5. Bloom Filter Index Out of Bounds
Severity: High File: `icn-gossip/src/bloom.rs:103-149`
Vulnerability: BloomFilter::from_data() didn't validate that claimed size matched actual data, allowing malicious peer to trigger index panic via crafted BloomFilterData.
Fix: Added validation before truncation:
pub fn from_data(data: &BloomFilterData) -> Self {
// Validate non-zero size
if data.size == 0 {
tracing::warn!("BloomFilter: zero size, creating minimal filter");
return BloomFilter { bits: vec![false], num_hashes: 1, size: 1 };
}
let mut bits = Vec::new();
// Unpack bytes into bits...
let unpacked_bits = bits.len();
let claimed_size = data.size as usize;
if claimed_size > unpacked_bits {
// Malformed: claimed > actual
tracing::warn!(
"BloomFilter: claimed size {} exceeds actual {}",
claimed_size, unpacked_bits
);
return BloomFilter {
bits,
num_hashes: data.num_hashes,
size: unpacked_bits as u64, // Use actual size
};
}
// Normal case: trim to claimed size
bits.truncate(claimed_size);
BloomFilter { bits, num_hashes: data.num_hashes, size: data.size }
}
Protections:
- Zero-size filter detection (prevents division by zero)
- Size mismatch handling (prevents index panic in insert/contains)
- Logging for security auditing
6. Network Message Rate Limiting
Severity: High Files:
- `icn-net/src/rate_limit.rs` (new module)
- `icn-net/src/actor/mod.rs`
Vulnerability: No rate limiting allowed malicious peer to flood victim with messages, exhausting CPU and memory.
Solution: Implemented token bucket rate limiter with per-peer tracking.
Algorithm: Token Bucket
- Each peer has a bucket of tokens (burst capacity)

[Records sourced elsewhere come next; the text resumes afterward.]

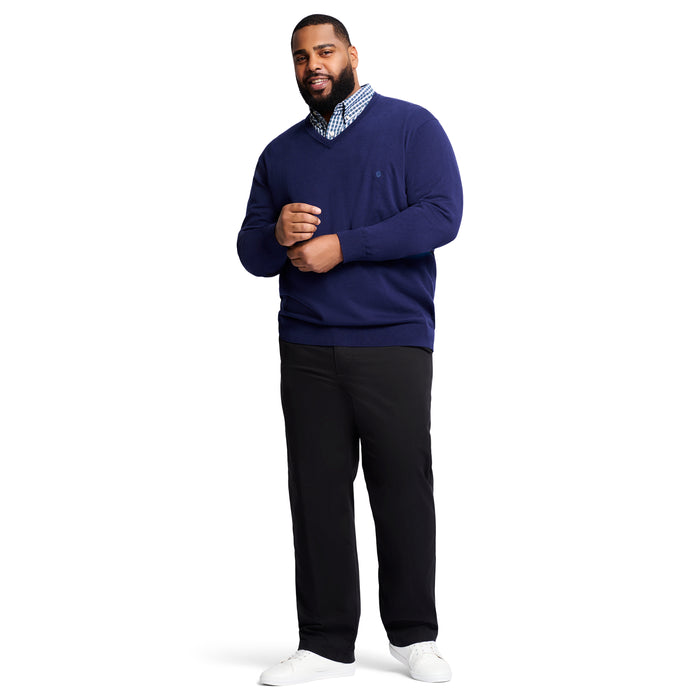 Izod BIG & TALL PERFORMANCE FLAT FRONT CHINO PANTS - BLACK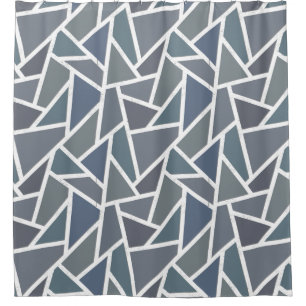 Blaugraues Mosaikmuster Duschvorhang
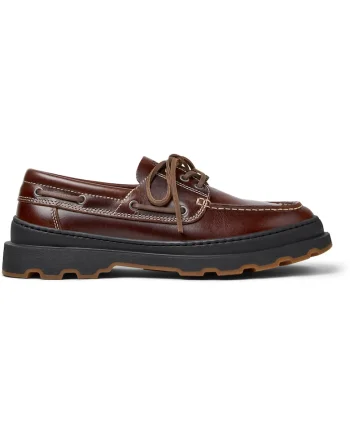 Pantofi boat de piele Brutus+, Maro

- Tokens refill at configurable rate
- Each message consumes 1 token
- Messages are dropped (not queued) when bucket empty
Configuration (`RateLimitConfig`):
pub struct RateLimitConfig {
pub max_messages_per_second: u32, // Default: 100
pub burst_capacity: u32, // Default: 20
pub refill_interval: Duration, // Default: 100ms
}
Integration:
async fn handle_connection(
connection: quinn::Connection,
handler: IncomingMessageHandler,
rate_limiter: Arc<RateLimiter>,
) -> Result<()> {
loop {
match connection.accept_bi().await {
Ok((mut send, mut recv)) => {
match read_message(&mut recv).await {
Ok(message) => {
// Check rate limit BEFORE processing
if !rate_limiter.check_rate_limit(&message.from).await {
warn!("Rate limited message from {}", message.from);
icn_obs::metrics::network::messages_rate_limited_inc();
continue; // Drop message
}
// Process message normally
handler(message);
}
Err(e) => warn!("Failed to read message: {}", e),
}
}
Err(e) => break,
}
}
}
Metrics: icn_network_messages_rate_limited_total (counter)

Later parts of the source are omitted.